9 Tips to Keep Your Vehicle Insurance Premiums Low


The only time most of you may think about vehicle insurance is when there is an accident, injury to the vehicle, or a ticket. But, for the very purpose of shielding you and your car from being compromised, motor insurances are extremely important. In end of 2018, the IRDAI (Insurance Regulatory and Development Authority of India) raised motor insurance personal accident cover to Rs. 15 lakhs from Rs. 1 lakh, making people to pay more premium than usual.

Customers now have to purchase the third-party policy for a longer tenure, which is 3 years if the vehicle is a car, and 5 years, if it is a two-wheeler. A mandatory personal accident cover has to be availed at annual premium of Rs. 750 for the owner-driver. While the decision certainly caused a hike in insurance prices, it also had its share of benefits.

So, how can you make your car insurance cheaper despite a hike in premiums? Today, we will discuss how to keep the costs of motor insurances lowest as possible.

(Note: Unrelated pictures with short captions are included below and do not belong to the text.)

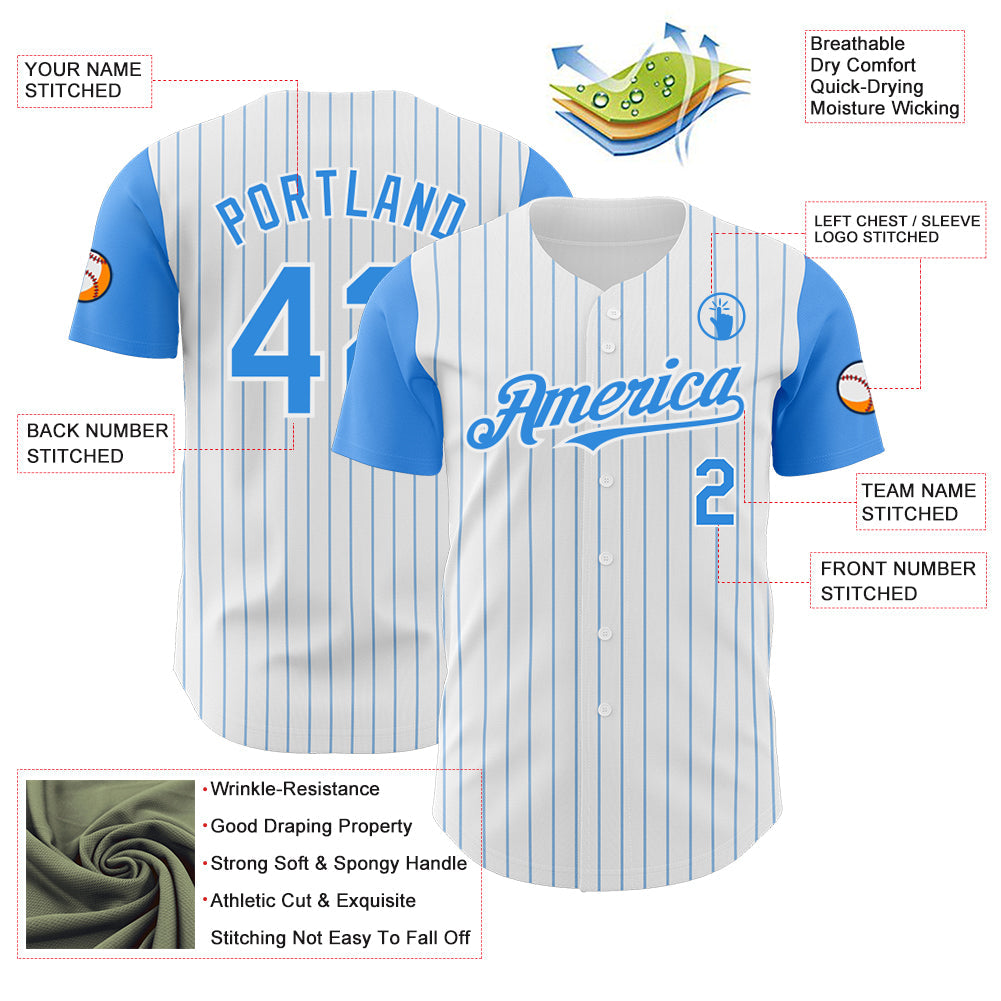 Custom White Electric Blue Pinstripe Electric Blue Authentic Two Tone Baseball Jersey - Sky-Custom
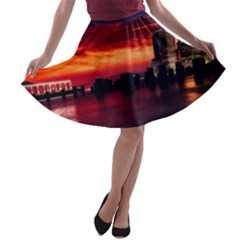 New York City Urban Skyline Harbor A-line Skater Skirt by BangZart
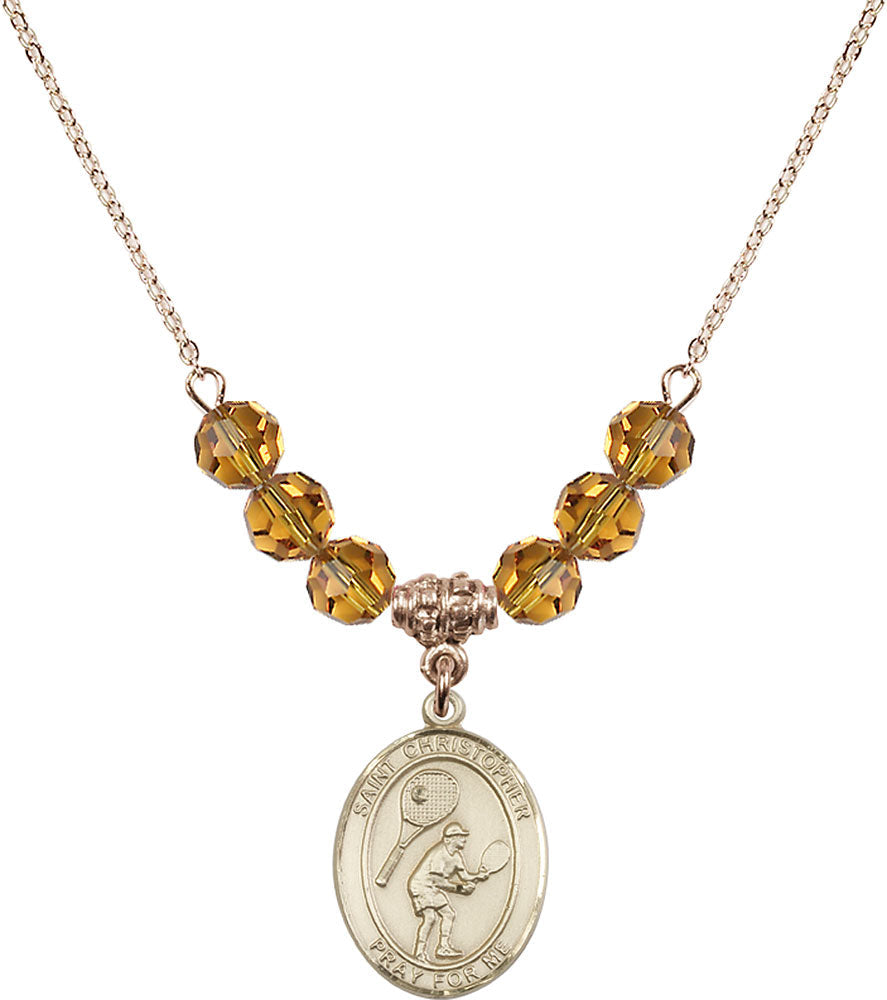 14kt Gold Filled Saint Christopher/Tennis Birthstone Necklace with Topaz Beads - 8505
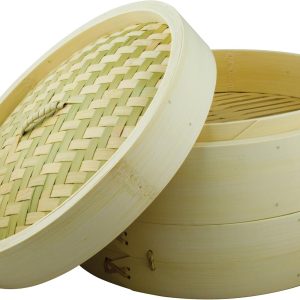 Bamboo Steamer Set with 2 Layers and Lid 25cm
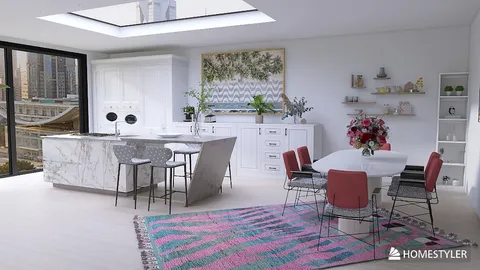 Modern kitchen design featuring a spacious island layout, showcasing a bright and airy aesthetic. This interior design image highlights the use of Homestyler's real-time 3D rendering feature for an elegant home styling experience.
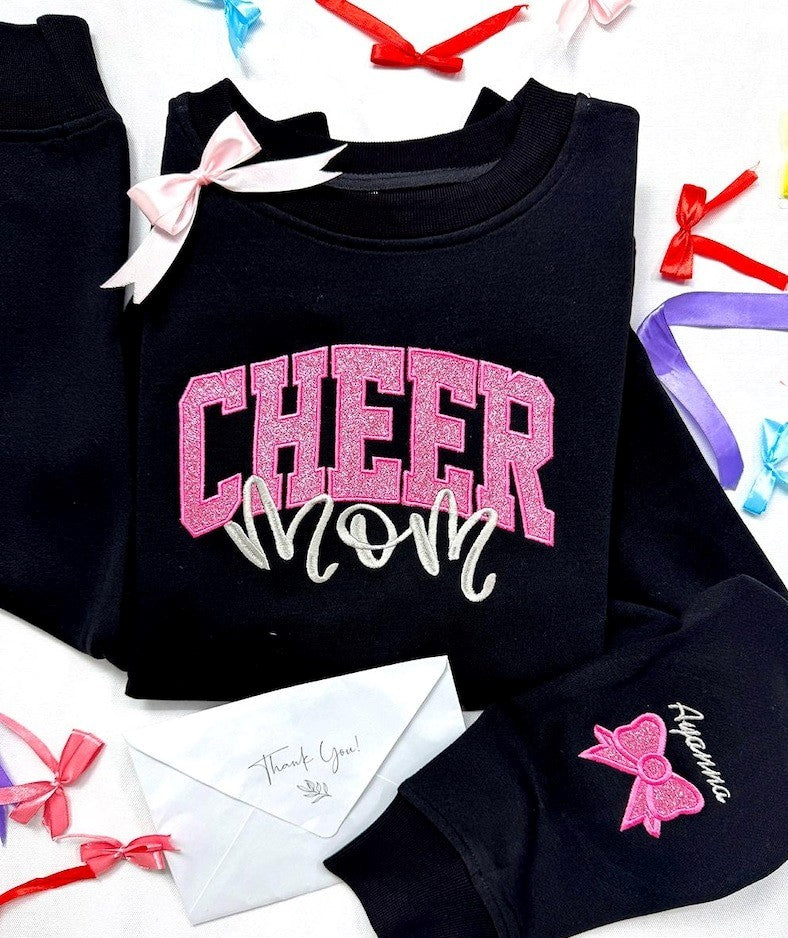 Custom Glitter Embroidered Cheer Mom Sweatshirt, Personalized Name & Bow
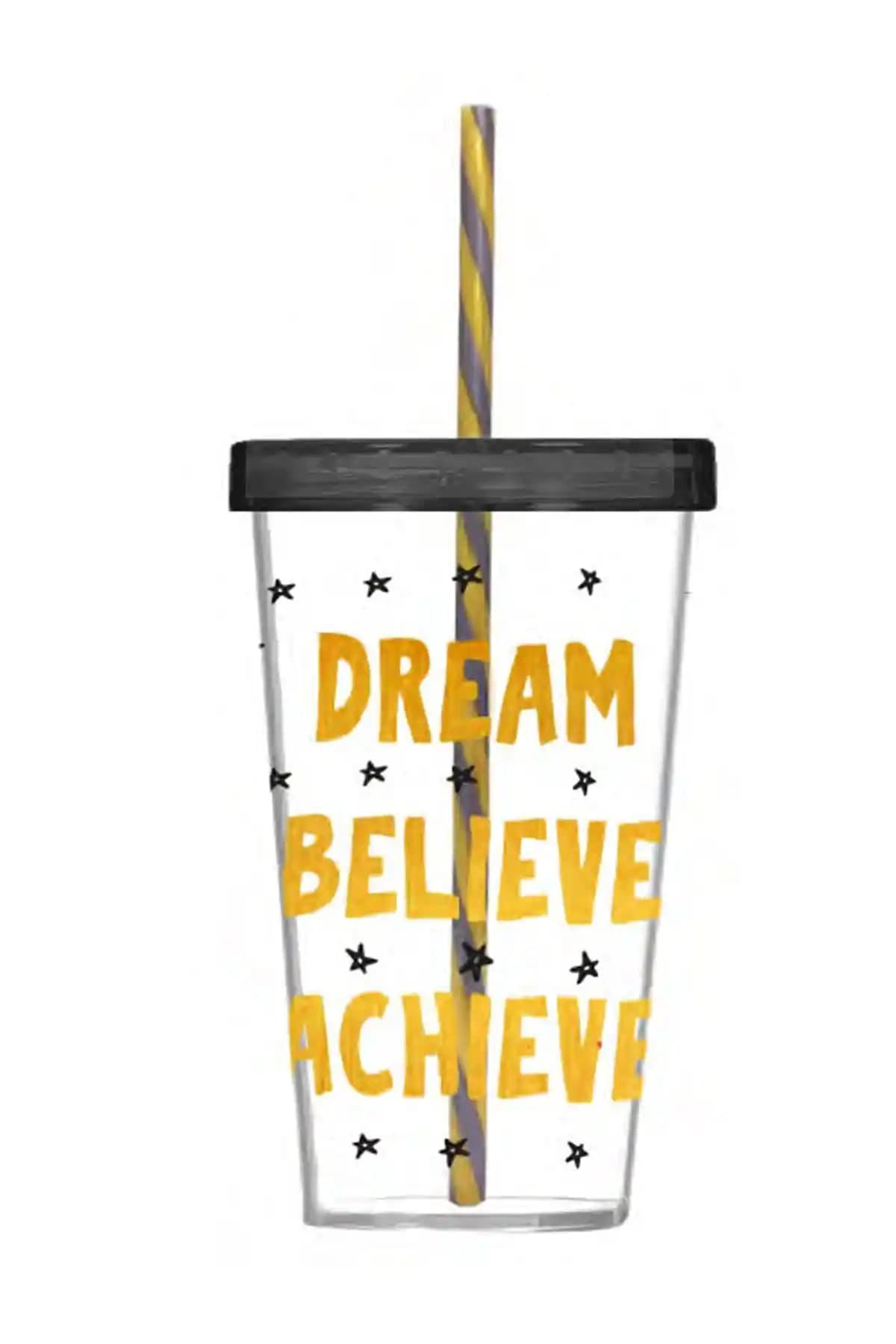 Krommet Desenli Pipetli Bardak 660 cc Şık ve Dayanıklı Plastik İçin Uygun Tasarım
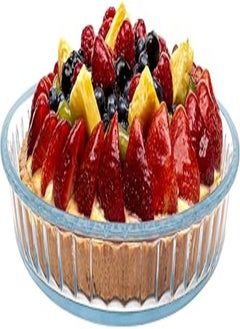 Buy Simax glass fluted cake dish: shallow - heat, cold and shock proof - made in europe - 11-inch in Egypt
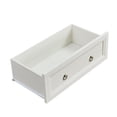 thumbnail image 6 of PORKISS 6 Drawer Dresser for Bedroom, Wooden Chest of Drawers with Metal Round Handle, Farmhouse Rustic Tall Storage Organizer for Adults, Living Room, Hallway, White, 6 of 9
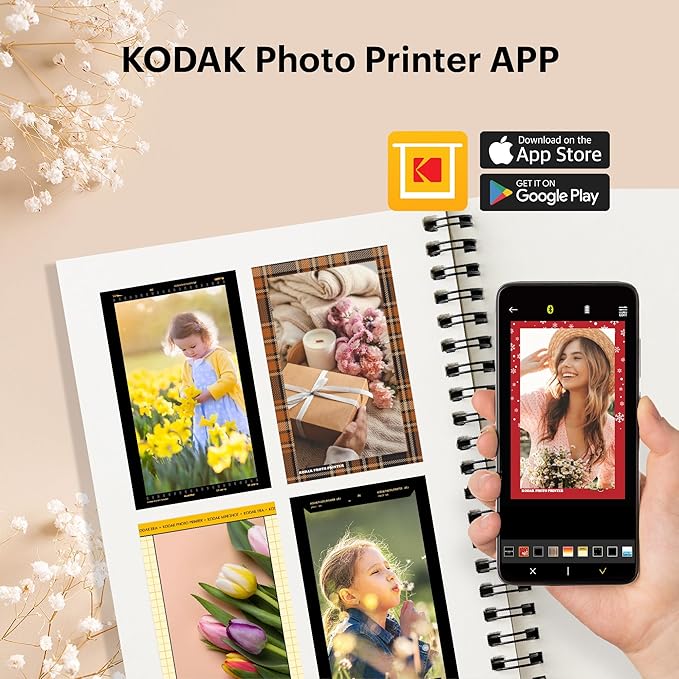 KODAK Mini Shot 2 Retro 4PASS 2-in-1 Instant Digital Camera and Photo Printer (2.1x3.4 inches) Initial 8 Sheets + 60 Sheets Bundle, White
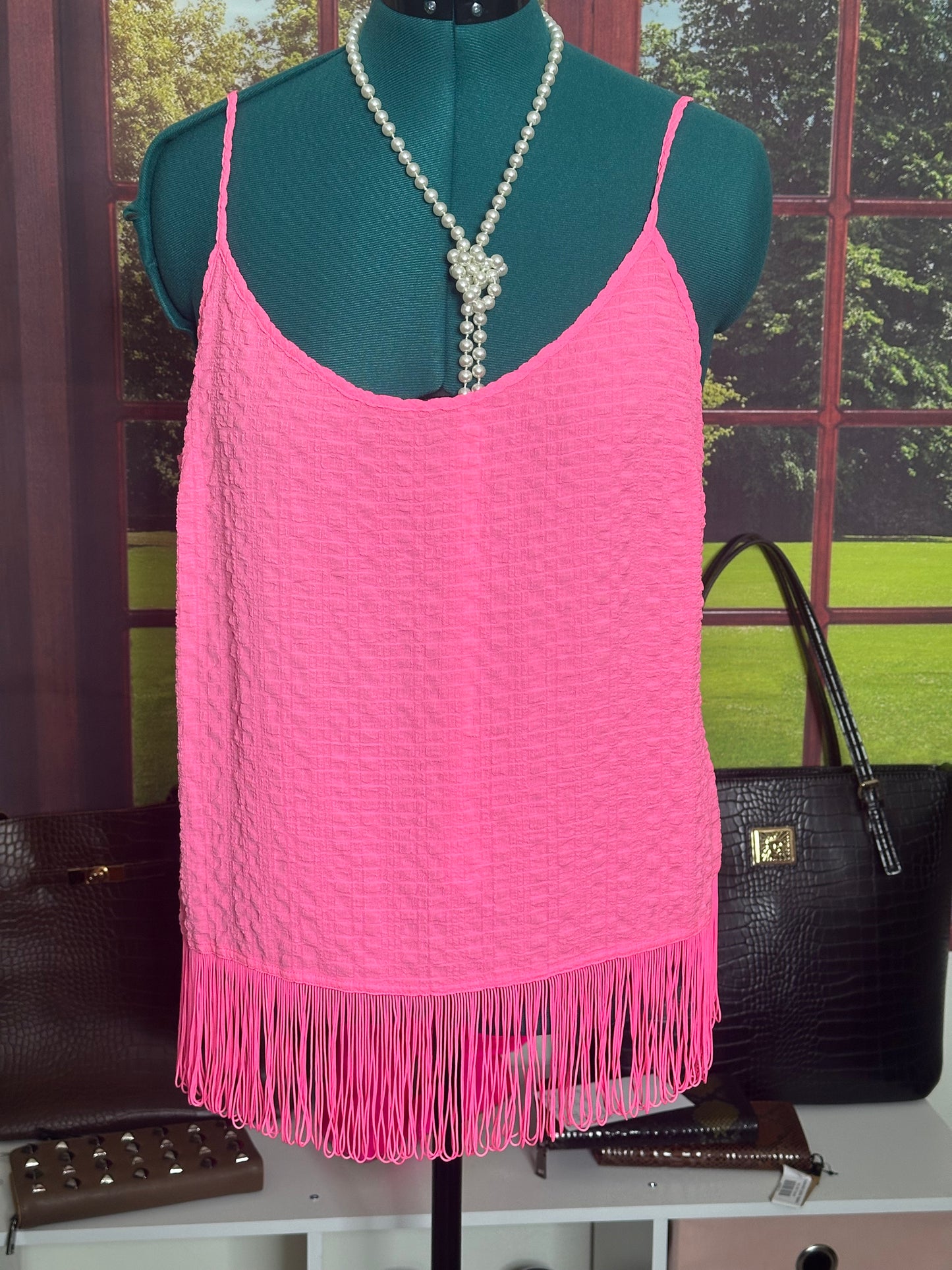 NWT Lilly Pulitzer Fuschia Fringe blouse sz XL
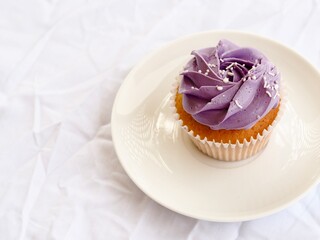 Pretty cupcake with purple icing on a textured white background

  1. Compare Policies Before Purchase

Before taking a policy, spend some time to compare across providers. Most people avoid this step, especially when renewing the policy. An easy step to compare is go online and compare policies, and check out the features, additional covers, and other benefits. Within a half an hour, you will be able to understand, which policy is the most affordable and best-suited for your needs.

  1. Do Not Opt for Something You Do Not Need

So what is covered and what is not covered? Have you gone through the details of the policy? Is there any additional feature such as Road Side Assistance, lifetime guarantee on repairs, rental car in the instance of car being stolen, etc? These attractive features sound too good to be true? Well, you can avail additional services at an additional cost.

Skip the services you do not need and reduce the premium cost. For instance, if you use the vehicle only to commute short distances or busy road where garages are at proximity, then you may not need Road Side Assistance service in the insurance.

  1. Read the Fine Print

Do not blindly the sign the application form by choosing the cheapest policy available. You should never make assumptions about the policy, and trust only what the insurance agents or the product brochure promises. Go through the fine print of the policy in detail and understand how well you are covered under different circumstances.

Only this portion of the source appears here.